Skip to main content

Hermes Memory Modes with Hindsight, Hybrid, Context, Tools

· 11 min read
Ben Bartholomew
Hindsight Team

Hermes Memory Modes with Hindsight, Hybrid, Context, Tools

If you are trying to choose between Hermes memory modes with Hindsight, the decision is really about one question: should memory be injected automatically, exposed as tools, or both? Hermes's native Hindsight provider supports three integration modes, hybrid, context, and tools, and each one changes how the model experiences memory during a conversation.

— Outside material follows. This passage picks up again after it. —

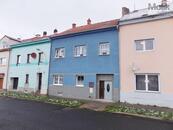 Prodej zrekonstruovaného rodinného domu v Duchcově se zahradou, cena 6640000 CZK / objekt, nabízí Molík reality s.r.o.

This matters more than it sounds. Teams often turn on Hindsight, see that memory works, and stop there. But the mode determines whether recall happens before every turn, whether the model can call hindsight_recall and hindsight_reflect directly, and whether your assistant behaves like a silent memory system or an explicit tool-using agent. Pick the wrong mode and the setup still looks healthy, but the behavior feels off.

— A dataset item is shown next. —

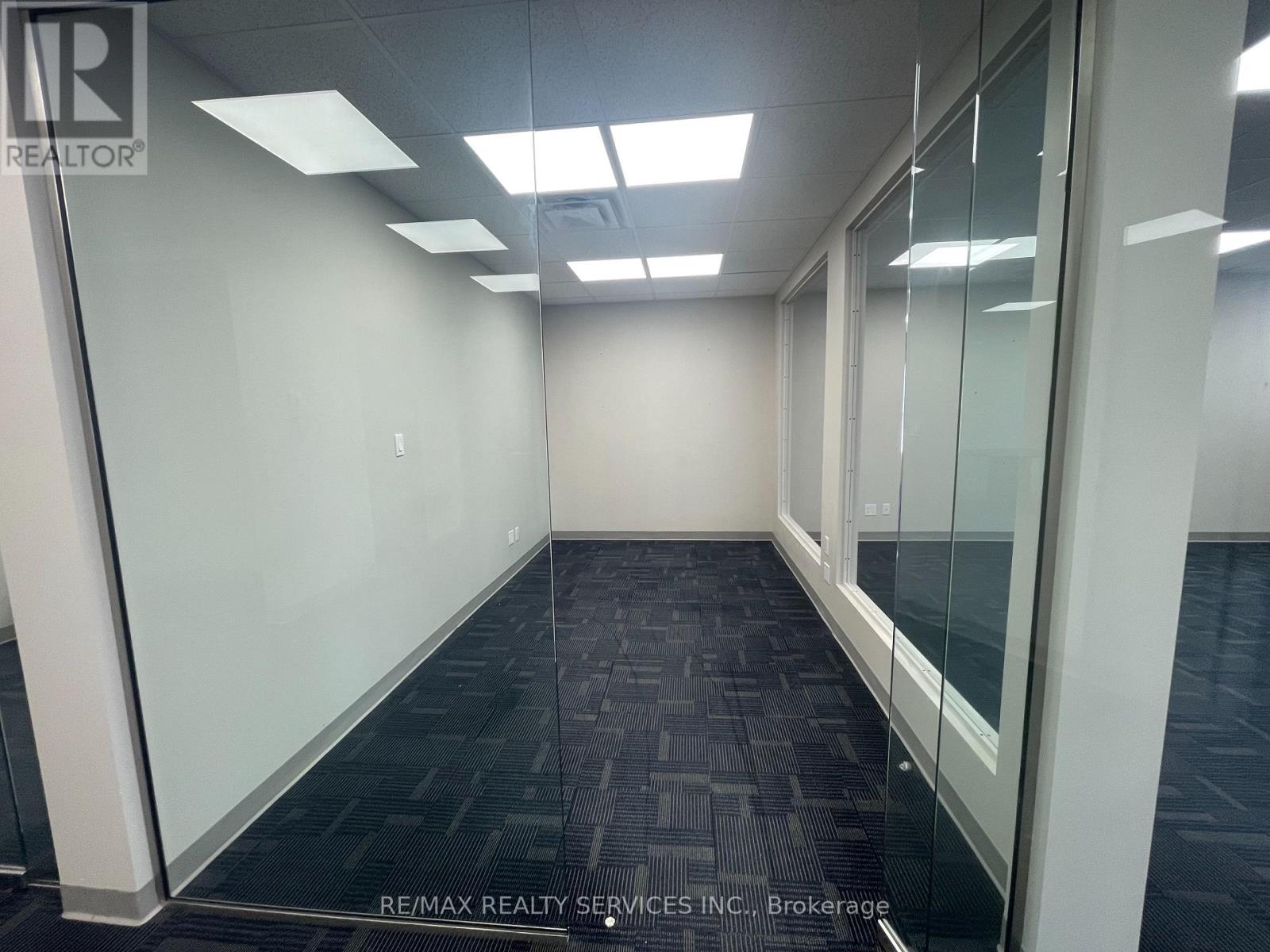 3 - 6 Front Street N, Thorold, Ontario  L2V 1X3 - Photo 7 - X12585848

This guide explains what each mode does, when to use it, how to switch safely, how prefetch_method changes the experience, and how to verify that your chosen mode is actually doing what you think it is. For the complete reference, keep the Hermes integration docs, the docs home, and the quickstart guide nearby.

Quick answer

  1. Use hybrid if you want automatic recall and explicit Hindsight tools.
  2. Use context if you want invisible auto-recall with no memory tools exposed.
  3. Use tools if you want the model to call memory deliberately, not automatically.
  4. Keep prefetch_method="recall" for speed, switch to reflect only when synthesized context is worth the latency.
  5. Verify your choice with hermes memory status, /tools, and a real next-turn recall test.

Prerequisites

Before you change modes, make sure:

  • Hermes is already configured to use the native Hindsight provider.
  • hermes memory status reports a healthy memory setup.
  • You know where your Hermes Hindsight config file lives.
  • You understand that memory mode affects recall behavior, not whether your bank exists.

Hermes stores the native Hindsight config at ~/.hermes/hindsight/config.json by default. You can print it with:

python - <<'PY'
import json, os, pathlib
base = pathlib.Path(os.environ.get("HERMES_HOME", pathlib.Path.home() / ".hermes"))
path = base / "hindsight" / "config.json"
print(path.read_text())
PY

If you have not validated the provider yet, do that first:

hermes memory status

It also helps to skim the Recall API reference and Retain API reference, because they make the behavior of each mode easier to reason about. memory_mode controls how recall enters the conversation, while retain behavior continues to follow the provider's retention settings.

Step by step

1. Understand what each mode actually changes

The three modes are not cosmetic. They shape how memory enters the agent loop.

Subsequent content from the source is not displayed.